* **What is needed**:
Your answer should consist solely of the lines from the one holding "LOUIS VUITTONのカバンは何年持つ？寿命を延ばすコツ" through the final line of the entries, reproduced exactly and without pictures.

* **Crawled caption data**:
-- Opening Marker --

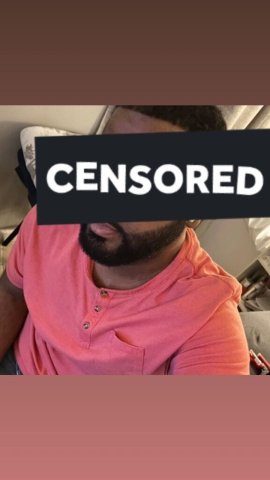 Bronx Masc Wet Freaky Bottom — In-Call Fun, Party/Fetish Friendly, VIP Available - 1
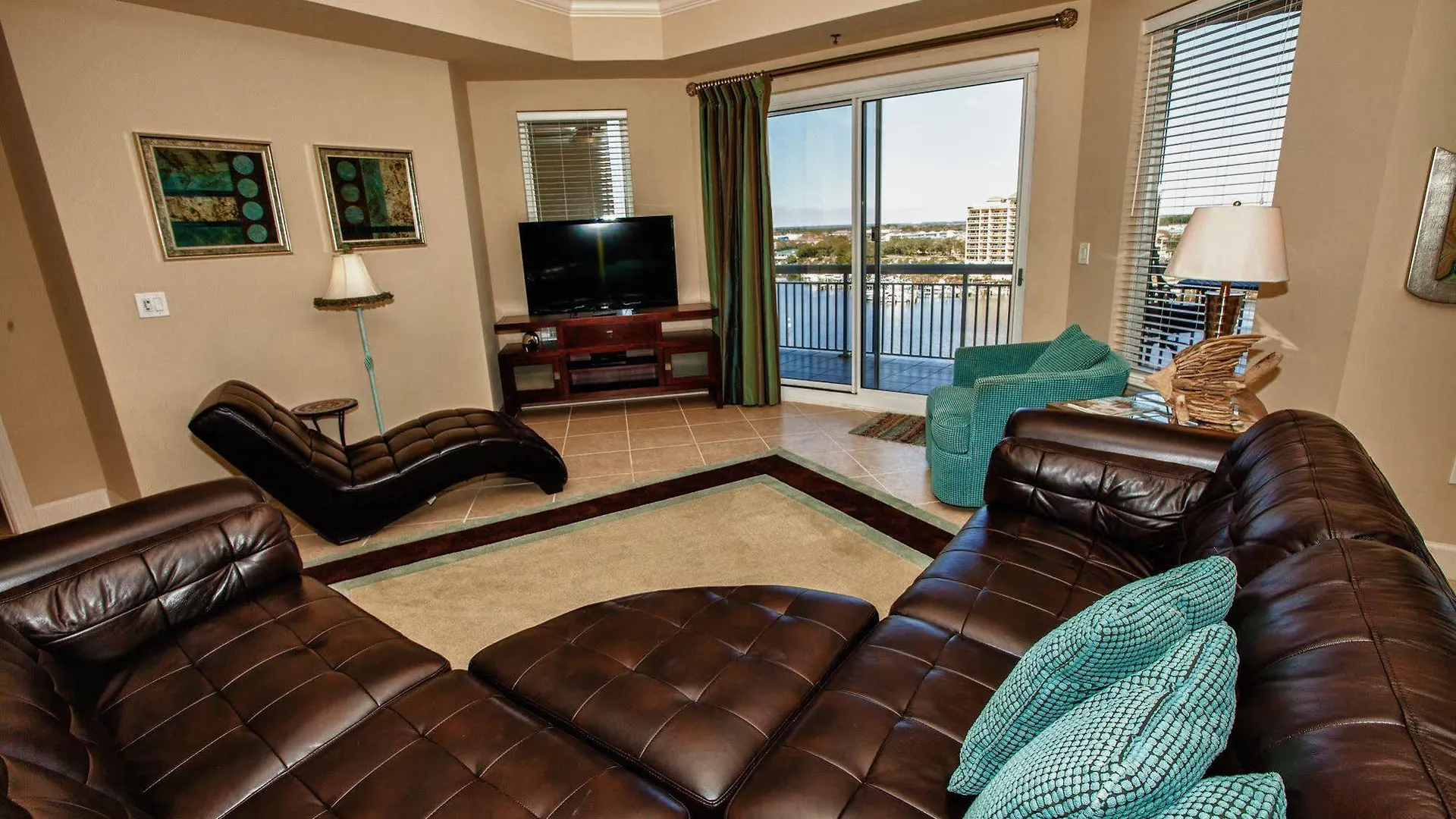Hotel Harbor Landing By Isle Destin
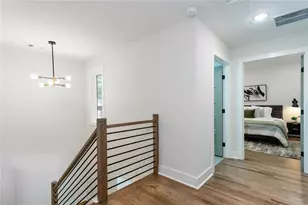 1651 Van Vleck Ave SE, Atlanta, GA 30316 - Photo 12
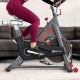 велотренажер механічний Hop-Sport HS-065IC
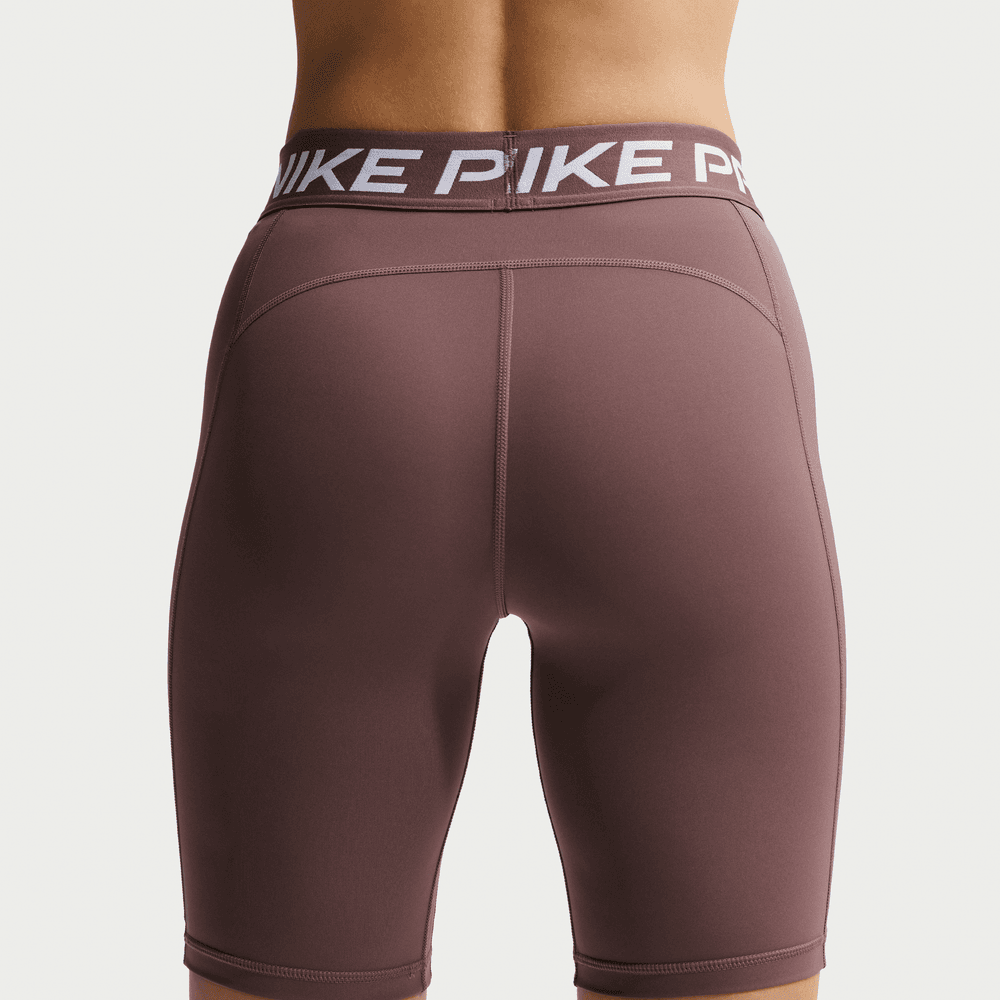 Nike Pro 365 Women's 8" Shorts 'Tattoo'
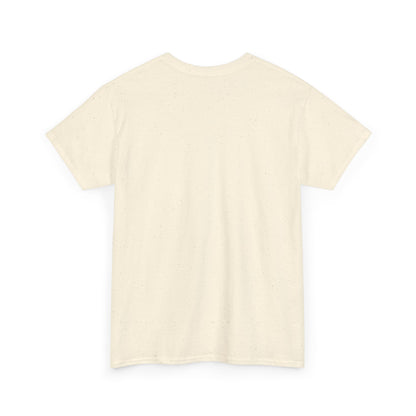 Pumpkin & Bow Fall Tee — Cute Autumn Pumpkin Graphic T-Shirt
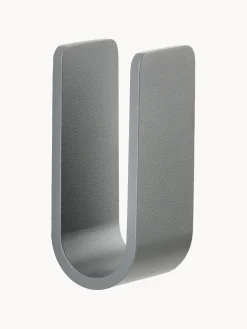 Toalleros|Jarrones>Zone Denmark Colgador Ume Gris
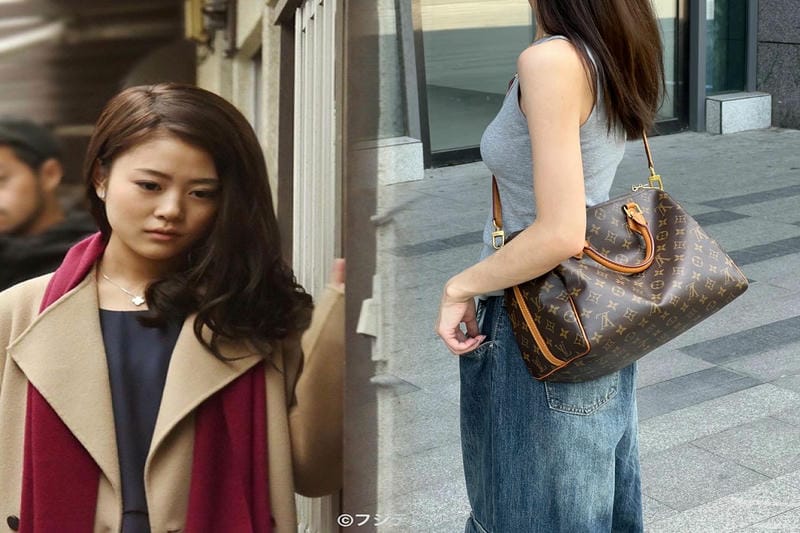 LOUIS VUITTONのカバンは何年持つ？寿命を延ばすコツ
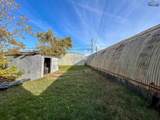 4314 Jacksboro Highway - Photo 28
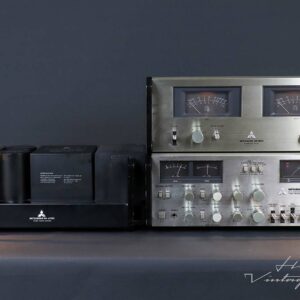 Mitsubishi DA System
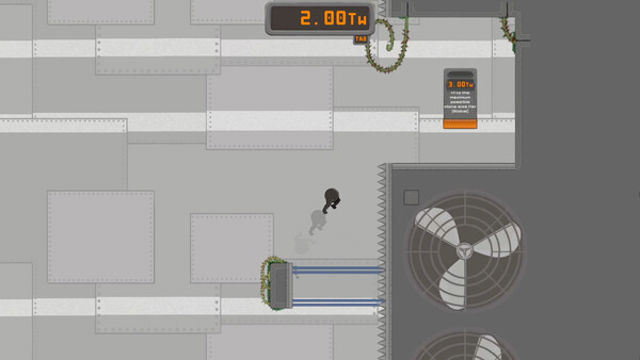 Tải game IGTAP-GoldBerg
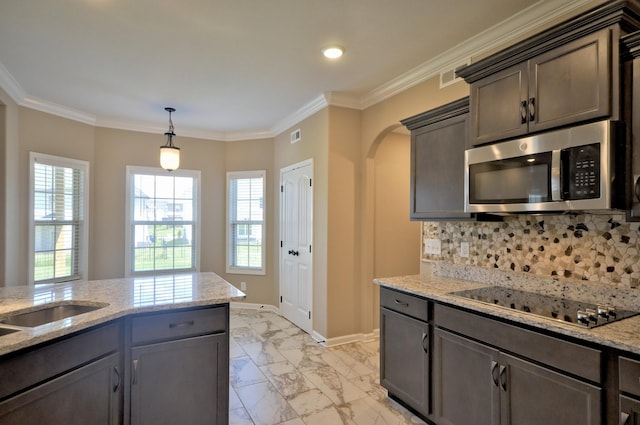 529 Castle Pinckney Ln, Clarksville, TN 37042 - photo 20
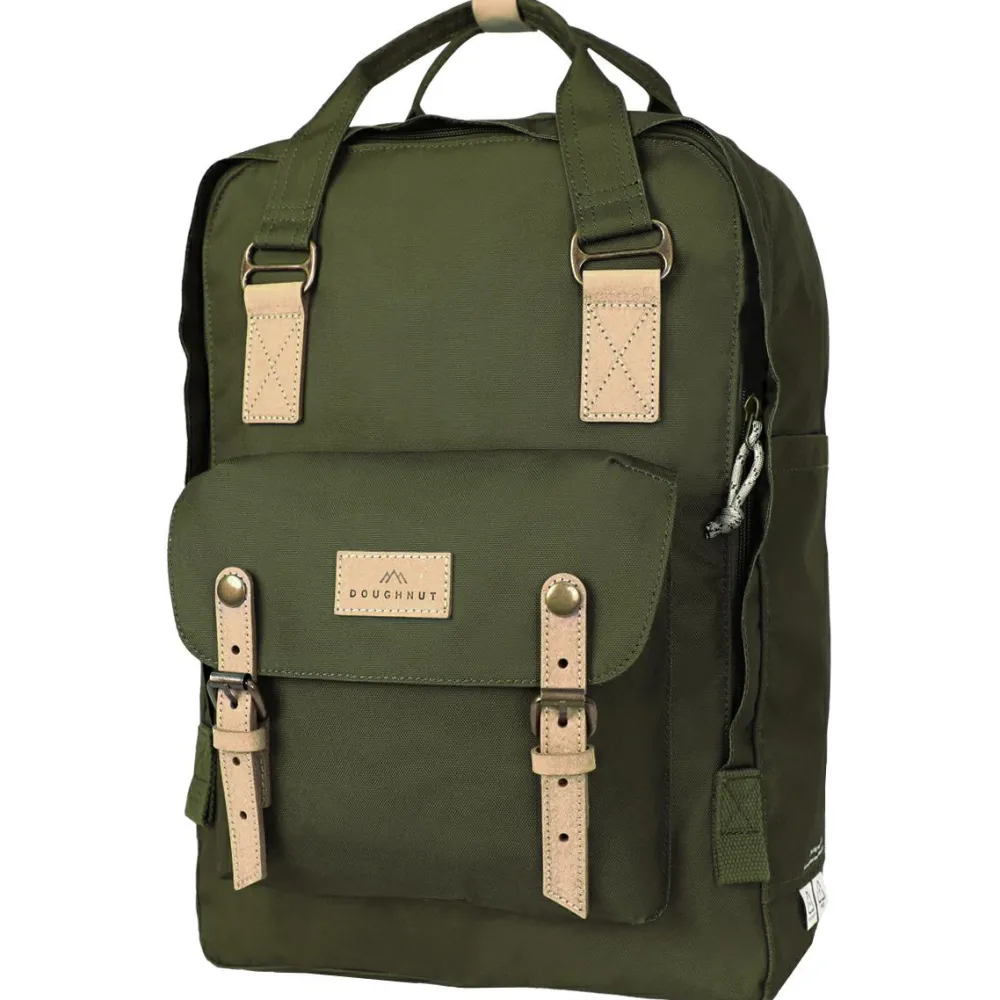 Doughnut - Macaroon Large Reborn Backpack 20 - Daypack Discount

-- Closing Marker --

* **Written answer**:
 LOUIS VUITTONのカバンは何年持つ？寿命を延ばすコツ
 4314 Jacksboro Highway - Photo 28
 Mitsubishi DA System
 Tải game IGTAP-GoldBerg
 529 Castle Pinckney Ln, Clarksville, TN 37042 - photo 20
 Doughnut - Macaroon Large Reborn Backpack 20 - Daypack Discount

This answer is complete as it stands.